* WORK REQUEST:
Reproduce nothing beyond the line containing "Bel Oiseau Multicolore". From the first line of the data below down to it, copy each line exactly, without the pictures.

* SOURCE DATA:
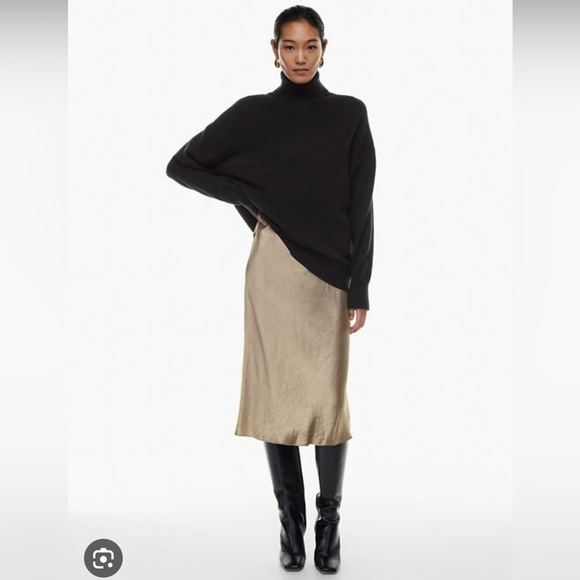 Babaton for Aritzia size 10 midi-length abstract print satin slip skirt. - Picture 1 of 8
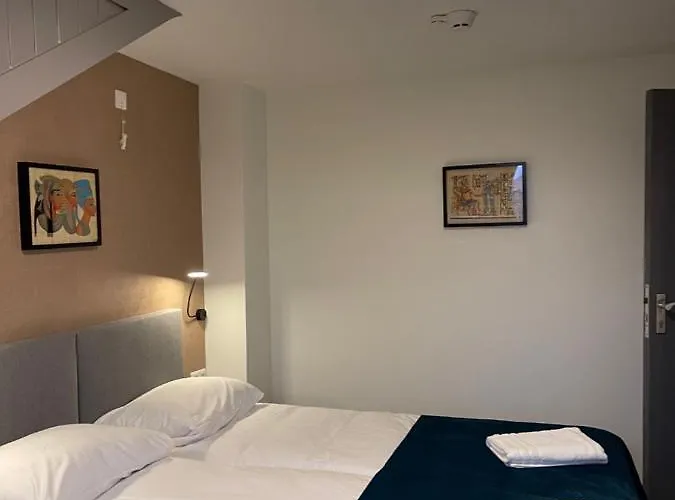 Sint-maria Next Door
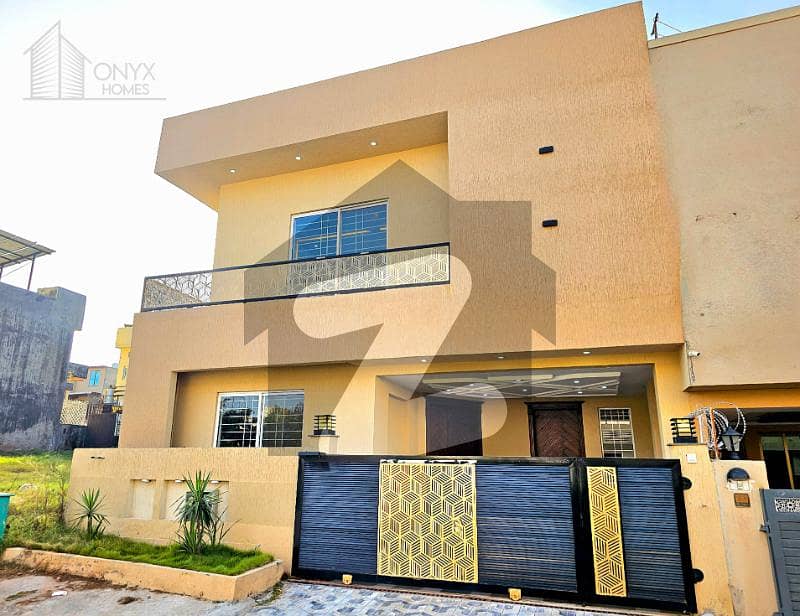 Investor Price Park Face 7 Marla Luxury House For Sale In Safari Valley Investor Price Park Face 7 Marla Luxury House For Sale In Safari Valley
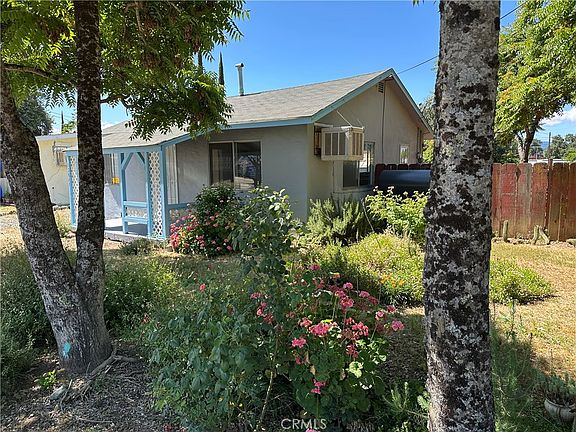 2nd image of 13077 1st St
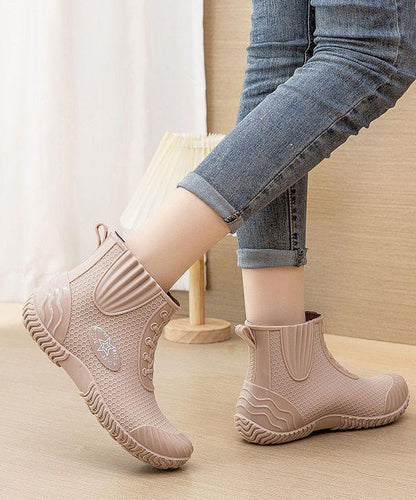 Soft and Fashionable Anti Slip Water Shoes for External Wear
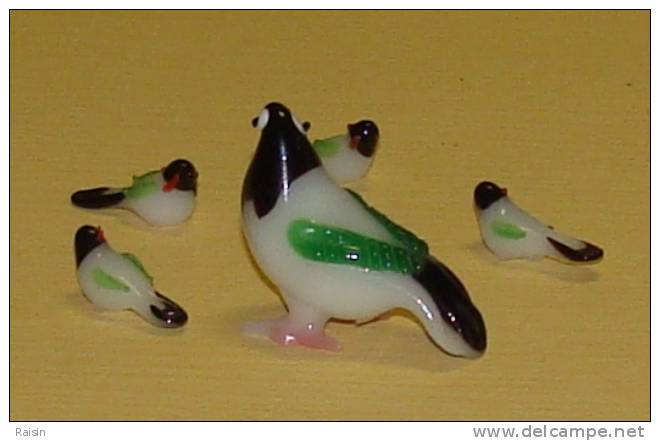 Bel Oiseau Multicolore Et Famille   Verre étiré Miniatures Décoratives  4,5 X 3 Cm TBE - Animali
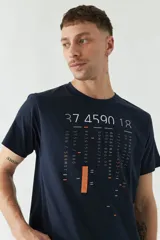 Remera blanca de algodón con estampado tipográfico en tonos grises y verde neón.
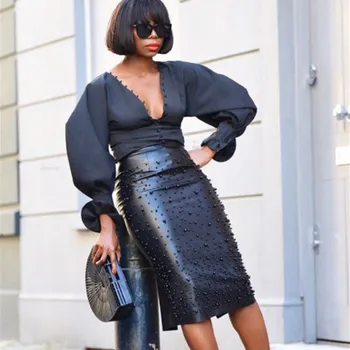 Women Black PU Faux Leather Skirt Pearl Beading High Waisted Pencil Skirt Office Lady Back Slit Knee-length Midi Skirt Female
Women Black PU Faux Leather Skirt Pearl Beading High Waisted Pencil Skirt Office Lady Back Slit Knee-length Midi Skirt Female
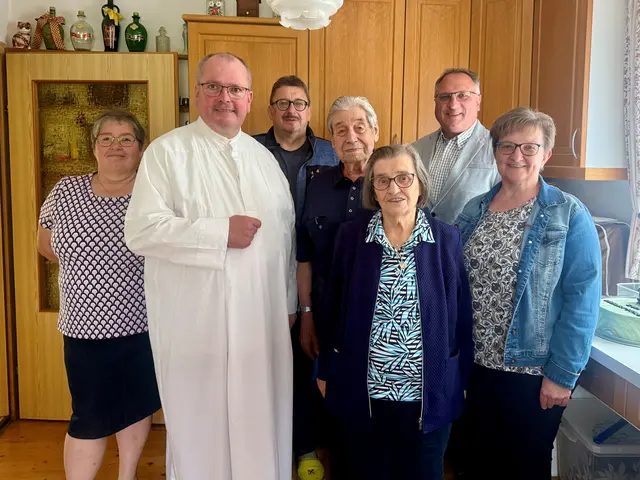 Christine Schmid, Pfarrer Pius Ulrich, Reinhard Schmid, Jubilar Heinrich Haidl, Maria Maurer, Stadtrat Harald Bauer und Vizebürgermeisterin Margit Auer (v.l.) | Foto: Stadtgemeinde Raabs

* SOLUTION TO THE EXERCISE:
 Babaton for Aritzia size 10 midi-length abstract print satin slip skirt. - Picture 1 of 8
 Sint-maria Next Door
 Investor Price Park Face 7 Marla Luxury House For Sale In Safari Valley Investor Price Park Face 7 Marla Luxury House For Sale In Safari Valley
 2nd image of 13077 1st St
 Soft and Fashionable Anti Slip Water Shoes for External Wear
 Bel Oiseau Multicolore Et Famille   Verre étiré Miniatures Décoratives  4,5 X 3 Cm TBE - Animali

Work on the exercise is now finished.